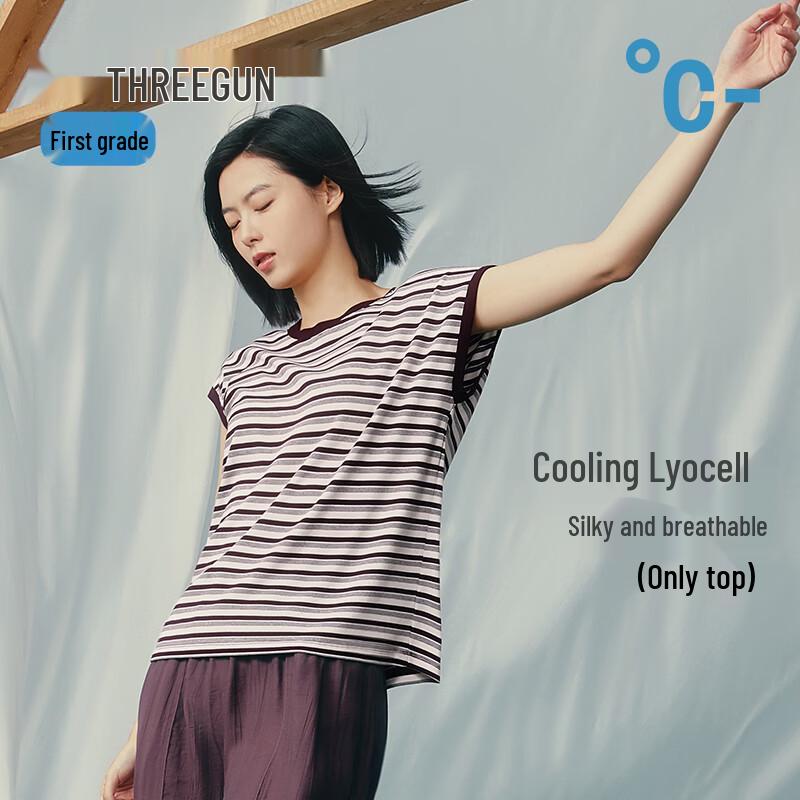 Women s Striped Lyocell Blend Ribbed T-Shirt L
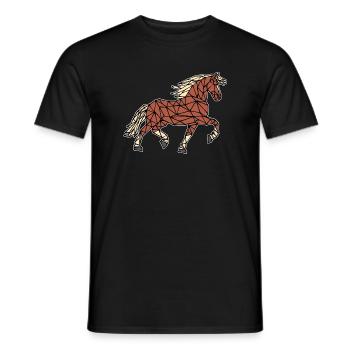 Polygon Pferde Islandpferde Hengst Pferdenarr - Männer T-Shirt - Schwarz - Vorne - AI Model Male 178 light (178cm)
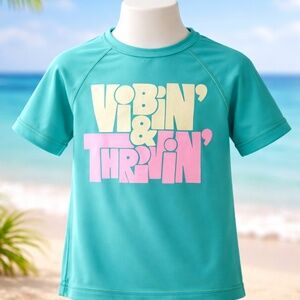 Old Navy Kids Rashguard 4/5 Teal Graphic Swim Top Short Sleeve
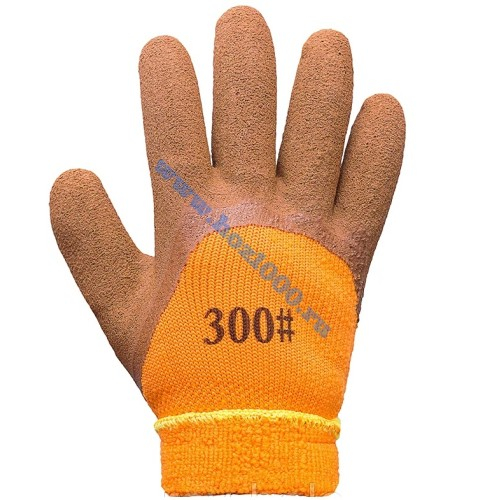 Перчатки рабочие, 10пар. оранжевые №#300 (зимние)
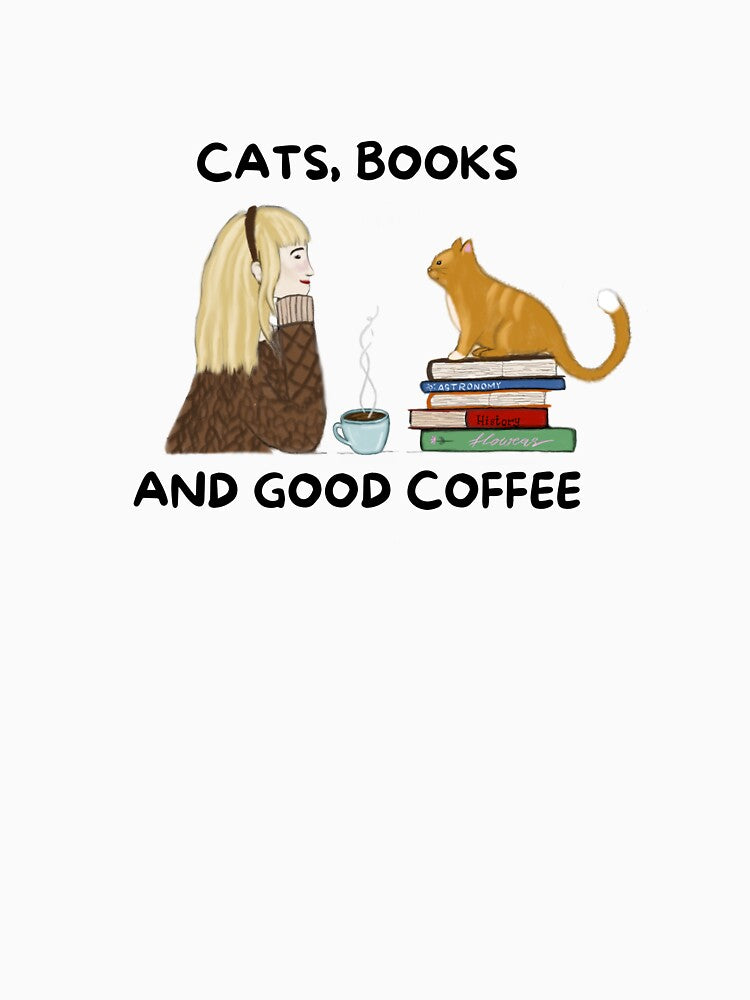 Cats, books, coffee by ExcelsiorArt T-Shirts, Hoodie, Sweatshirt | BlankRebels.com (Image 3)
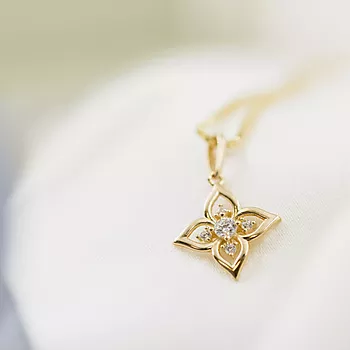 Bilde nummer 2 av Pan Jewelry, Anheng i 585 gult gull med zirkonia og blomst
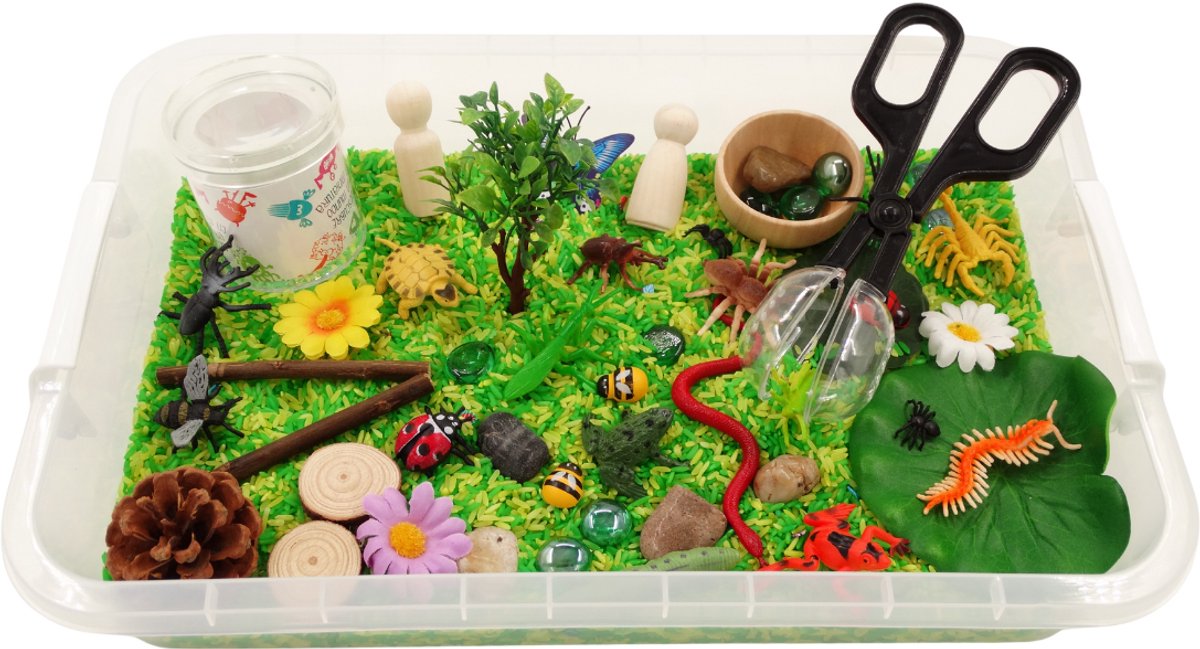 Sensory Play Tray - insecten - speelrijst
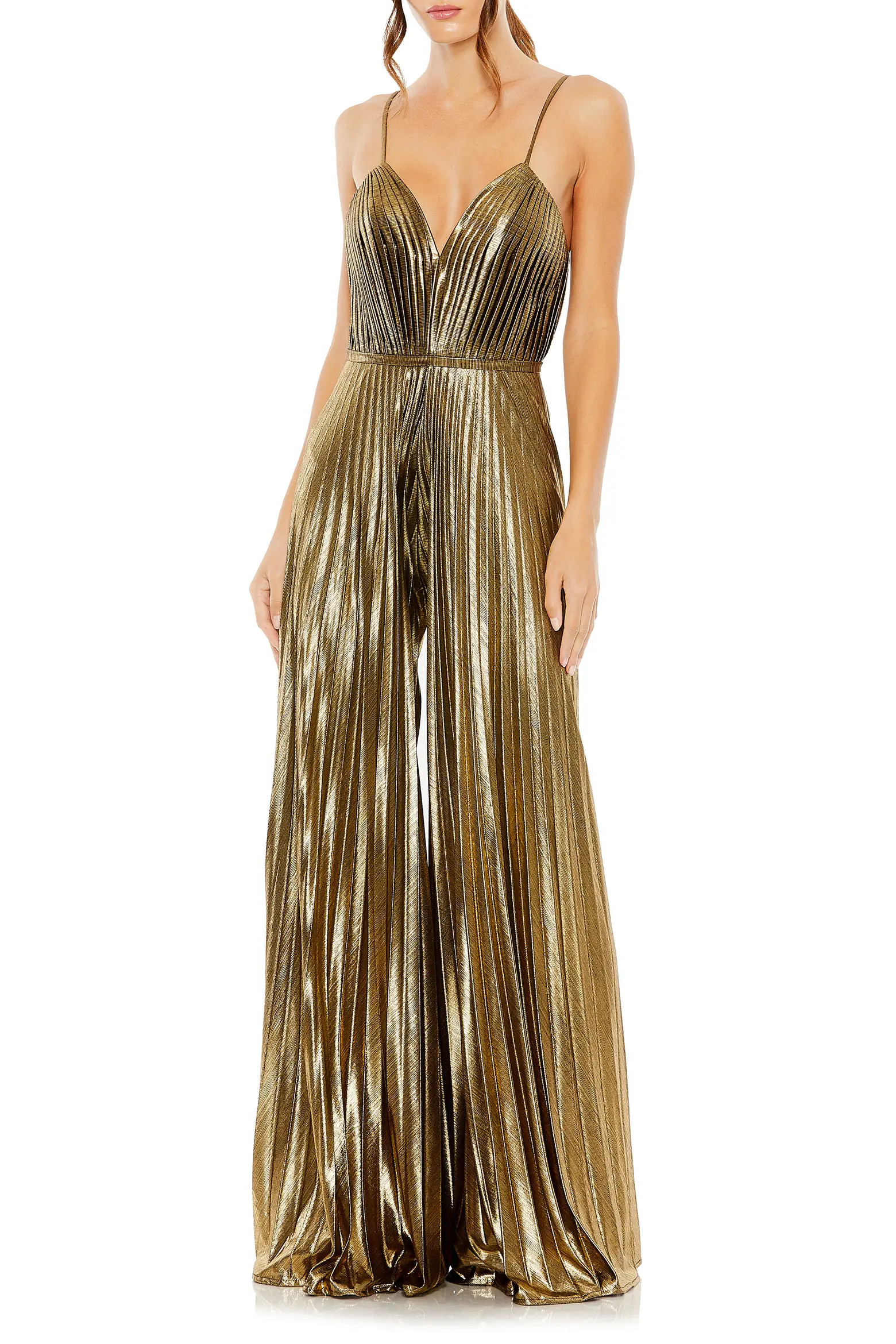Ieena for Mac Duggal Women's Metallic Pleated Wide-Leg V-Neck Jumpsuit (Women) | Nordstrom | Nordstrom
__________
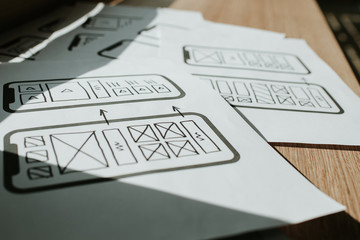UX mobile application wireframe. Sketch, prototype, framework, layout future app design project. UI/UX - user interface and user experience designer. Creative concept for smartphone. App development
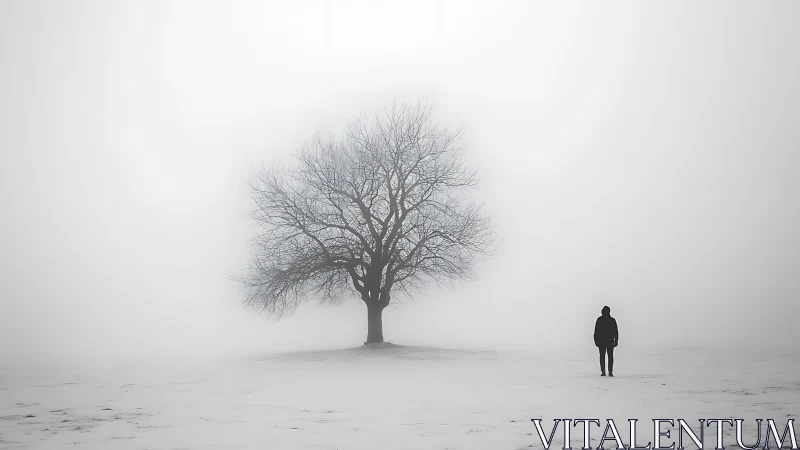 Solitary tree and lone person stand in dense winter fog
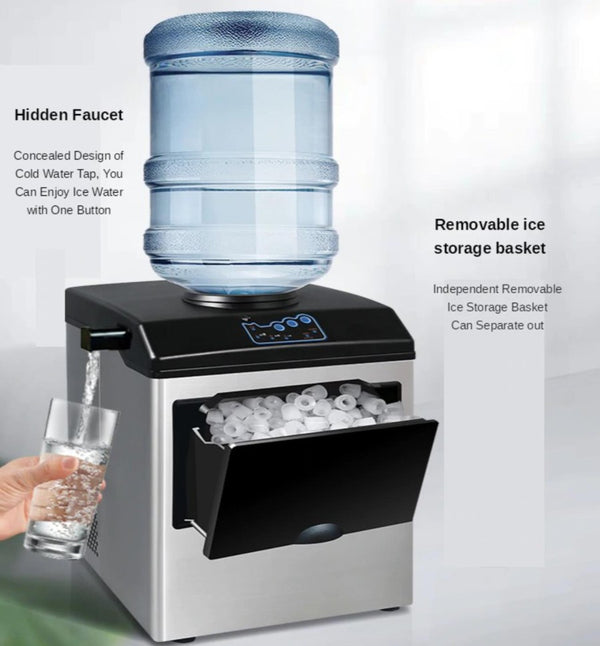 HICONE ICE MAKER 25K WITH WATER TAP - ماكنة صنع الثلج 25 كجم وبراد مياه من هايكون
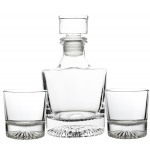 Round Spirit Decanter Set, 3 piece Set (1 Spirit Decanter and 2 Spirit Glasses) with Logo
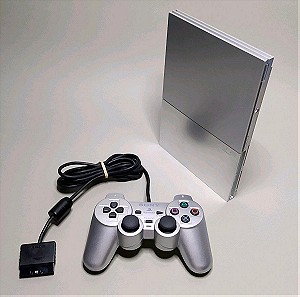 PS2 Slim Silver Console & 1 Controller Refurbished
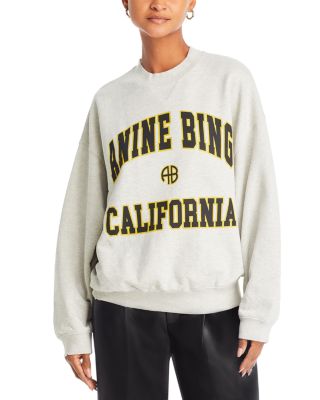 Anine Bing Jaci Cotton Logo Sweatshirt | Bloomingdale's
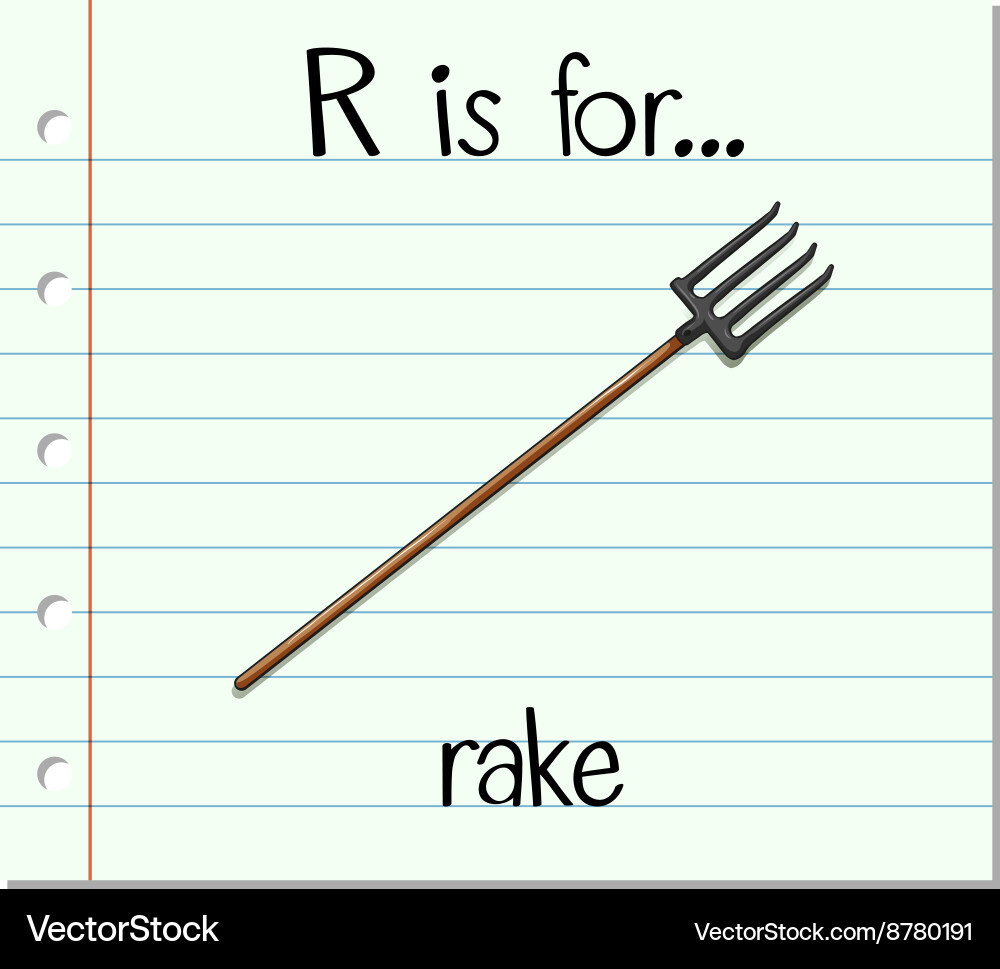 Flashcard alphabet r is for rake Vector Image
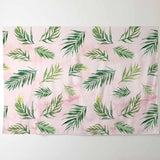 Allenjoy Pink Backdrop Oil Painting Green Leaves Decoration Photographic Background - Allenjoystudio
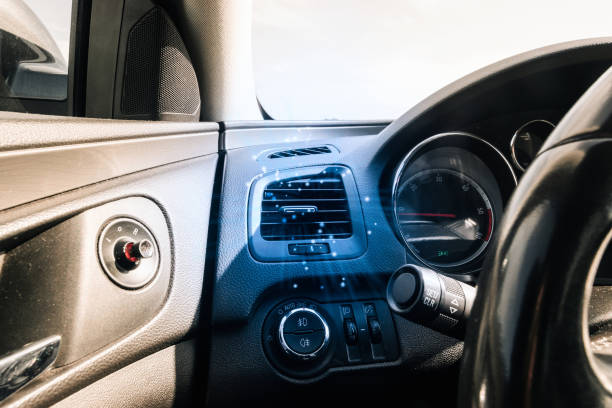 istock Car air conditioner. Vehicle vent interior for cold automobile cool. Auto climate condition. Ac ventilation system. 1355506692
__________
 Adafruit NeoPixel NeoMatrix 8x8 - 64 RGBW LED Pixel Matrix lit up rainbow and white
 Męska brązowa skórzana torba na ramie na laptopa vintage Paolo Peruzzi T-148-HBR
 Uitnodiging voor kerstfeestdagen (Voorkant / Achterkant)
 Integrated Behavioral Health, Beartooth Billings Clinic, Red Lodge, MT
__________
=== EXERCISE REQUIREMENTS ===
Your task is to restate, word for word, only those lines above that fall between the line holding "Męska brązowa skórzana" and the line holding "Integrated Behavioral Health, Beartooth", inclusive.

=== EXERCISE ANSWER ===
 Męska brązowa skórzana torba na ramie na laptopa vintage Paolo Peruzzi T-148-HBR
 Uitnodiging voor kerstfeestdagen (Voorkant / Achterkant)
 Integrated Behavioral Health, Beartooth Billings Clinic, Red Lodge, MT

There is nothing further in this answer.